Peripheral Effects of Cannabinoids are Mediated via TRPV1 and TRPA1

Objective: To evaluate peripheral effects of cannabinoids in vivo. Our recent data demonstrate that cannabinoids, WIN-55,212 (WIN) can lead to antinociception/antihyperalgesia by dephosphorylating TRPV1 via a calcium-activated calcineurin pathway (Patwardhan et al., Jeske et al., 2006). Using transfected CHO cells and patch clamp analysis, we previously demonstrated that cannabinoid, arachidonyl-2-choloroethylamide (ACEA) activates TRPV1 but not TRPA1 while WIN and AM1241 activate TRPA1 but not TRPV1. Also, ACEA (TRPV1-selective agonist) and WIN and AM1241 (TRPA1-selective agonists) heterologously desensitize mustard oil (MO)- and capsaicin (CAP)-evoked inward currents, respectively in CHO cells as well as sensory neurons (Ruparel et al., Abs Soc Neurosci #622.3; 2005).
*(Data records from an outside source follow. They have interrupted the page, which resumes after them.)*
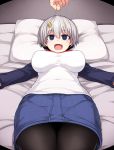 1girl :d afterimage bed black_legwear blue_eyes blush breasts denim denim_skirt empty_eyes fang hypnosis large_breasts lying mind_control null_(nyanpyoun) on_back open_mouth pantyhose pillow short_hair silver_hair skin_fang skirt smile solo_focus string uzaki-chan_wa_asobitai! uzaki_hana yen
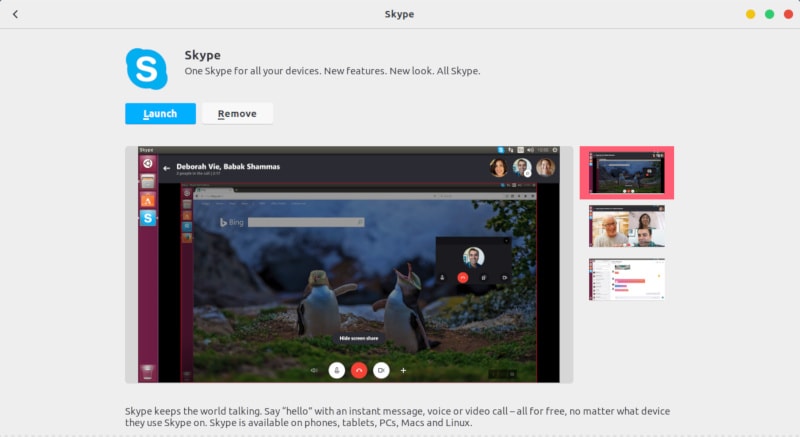skype ubuntu software center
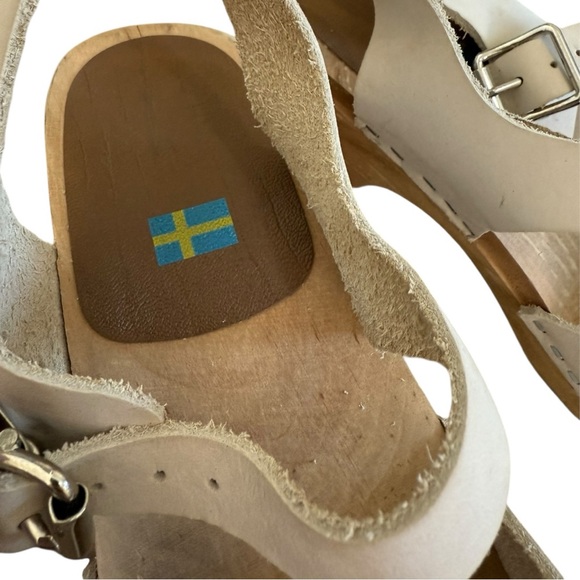 Mia Sofia Wooden Sweedish Leather Beige Clogs Sz 40 - Picture 5 of 8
Methods: 1) The effect of ACEA pretreatment on MO-evoked CGRP release from rat hindpaw skin; 2) The effect of a peripheral dose of ACEA pre-injection on MO-induced nocifensive behavior (ipl injections/grooming and flinching assay) and 3) The effect of a peripheral dose of WIN and AM1241 on CAP-induced nocifensive behavior. Data were analyzed using ANOVA. Results: ACEA(100µM) significantly inhibited MO(0.1%)-evoked CGRP release from skin terminals and this effect was reversed by a TRPV1-selective antagonist, capsazepine(CPZ; 100µM). ACEA(100µg) significantly inhibited MO(0.1%)-induced nocifensive behavior in WT mice and this effect was fully abolished in TRPV1-/- mice. Moreover, ACEA when injected into the contralateral paw did not inhibit MO-induced nocifensive behavior in WT mice indicating a local site of action. Also, WIN(2.5µg) and AM1241(40µg) significantly inhibited CAP (0.5µg)-induced nocifensive behavior in WT mice. This effect was completely reversed in TRPA1-/- mice. WIN and AM1241, when injected into the contralateral paw did not inhibit CAP-induced nocifensive behavior suggesting a local site of action. Conclusions: Our data demonstrate that cannabinoids are able to inhibit nociceptors via TRPV1 and TRPA1 in vivo at the periphery. This supports a new hypothesis of cannabinoid-induced peripheral analgesia at the site of inflammation thereby minimizing cannabinoid-evoked systemic side-effects.